- **Problem to work on**: What you produce should be the lines from the line containing "MOUNT DORA RESUB" through the last line below, both ends included, reproduced exactly and without pictures.

- **The data**:
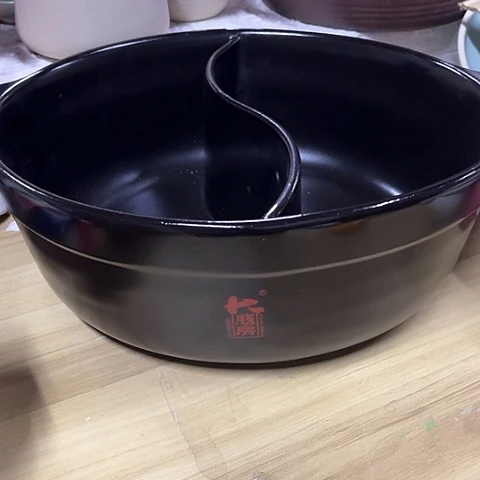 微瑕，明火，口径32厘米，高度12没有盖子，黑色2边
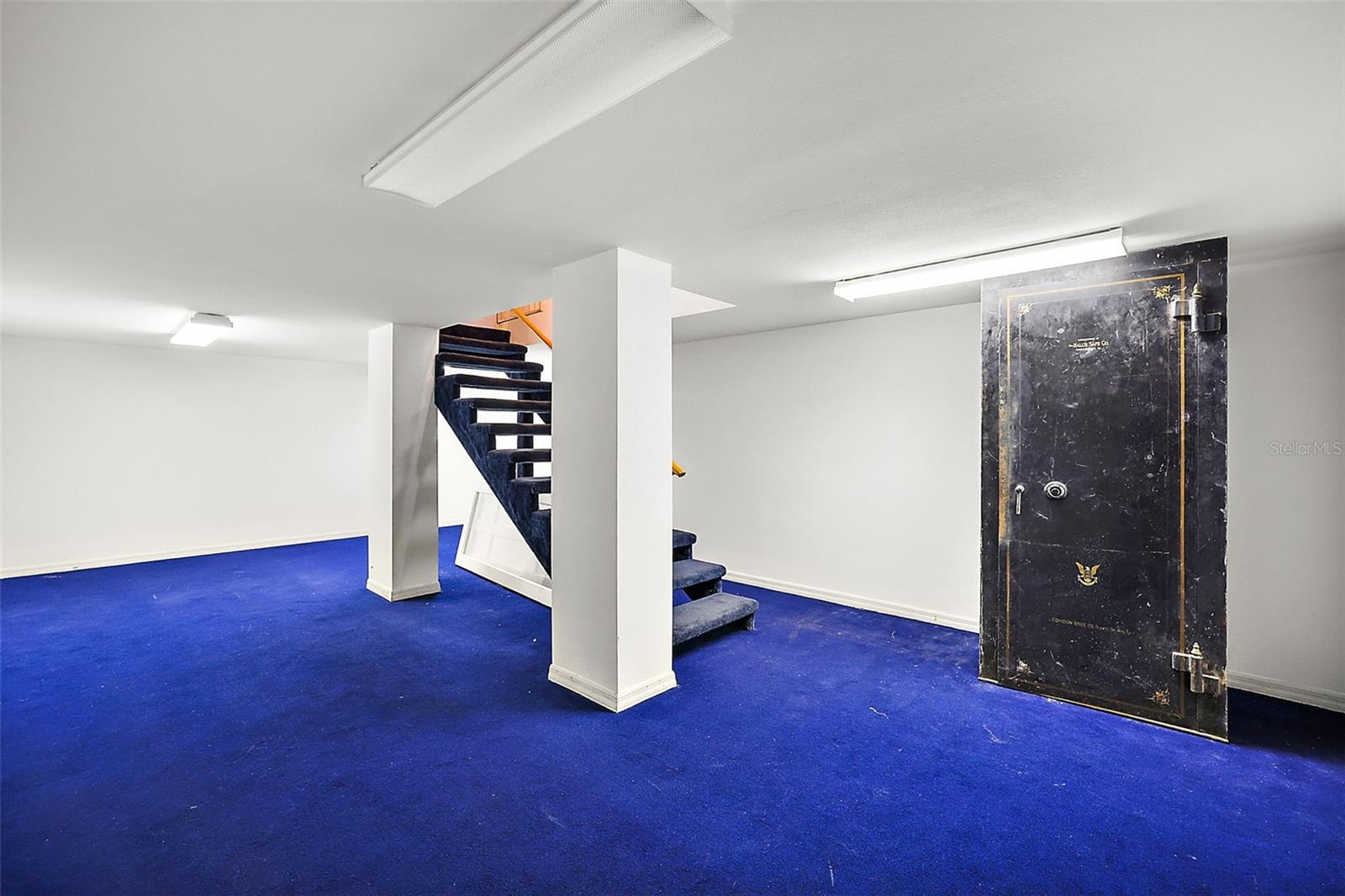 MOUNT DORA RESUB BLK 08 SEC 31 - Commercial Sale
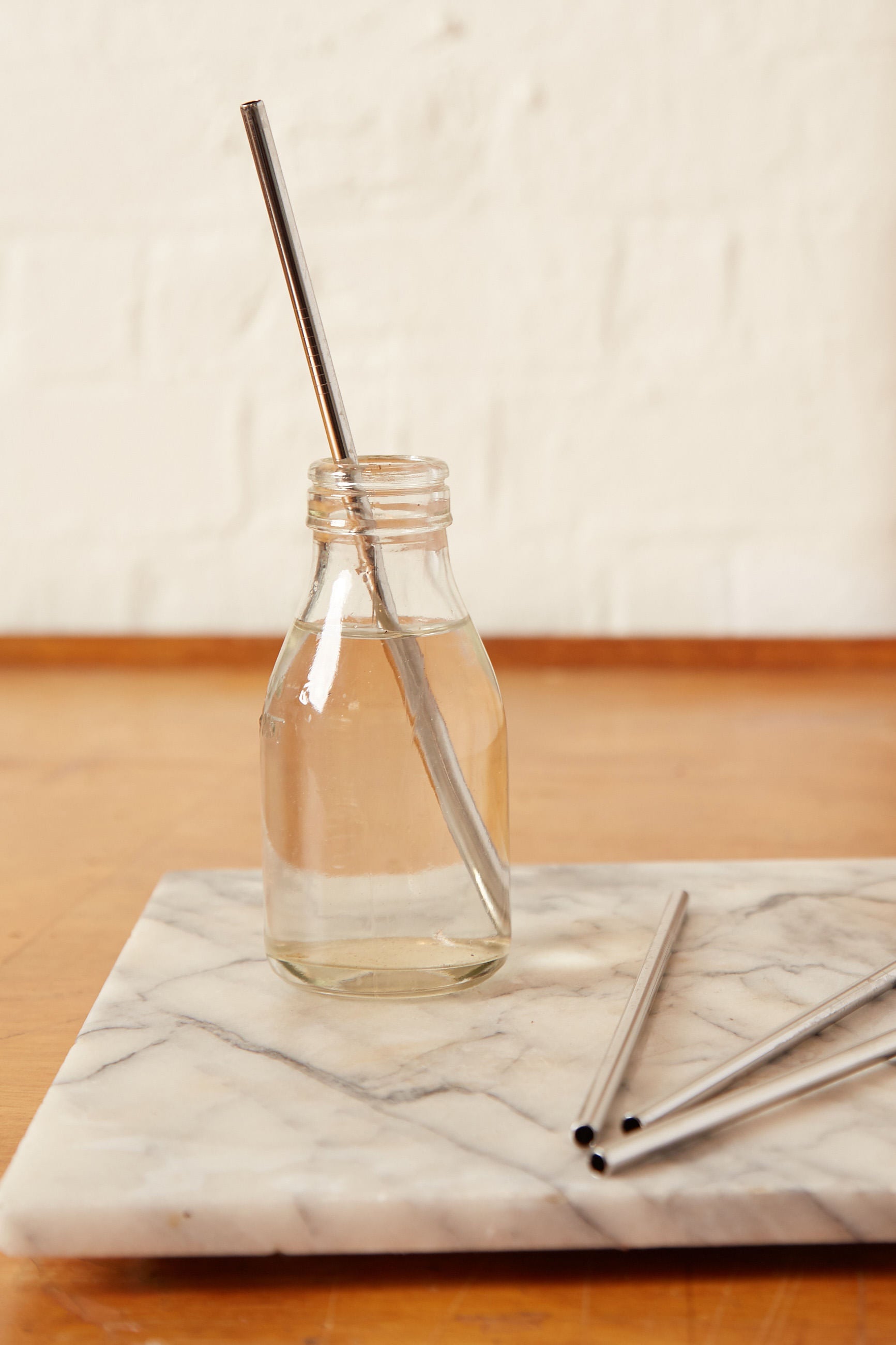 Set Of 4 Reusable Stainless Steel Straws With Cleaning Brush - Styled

- **Answer area**:
 MOUNT DORA RESUB BLK 08 SEC 31 - Commercial Sale
 Set Of 4 Reusable Stainless Steel Straws With Cleaning Brush - Styled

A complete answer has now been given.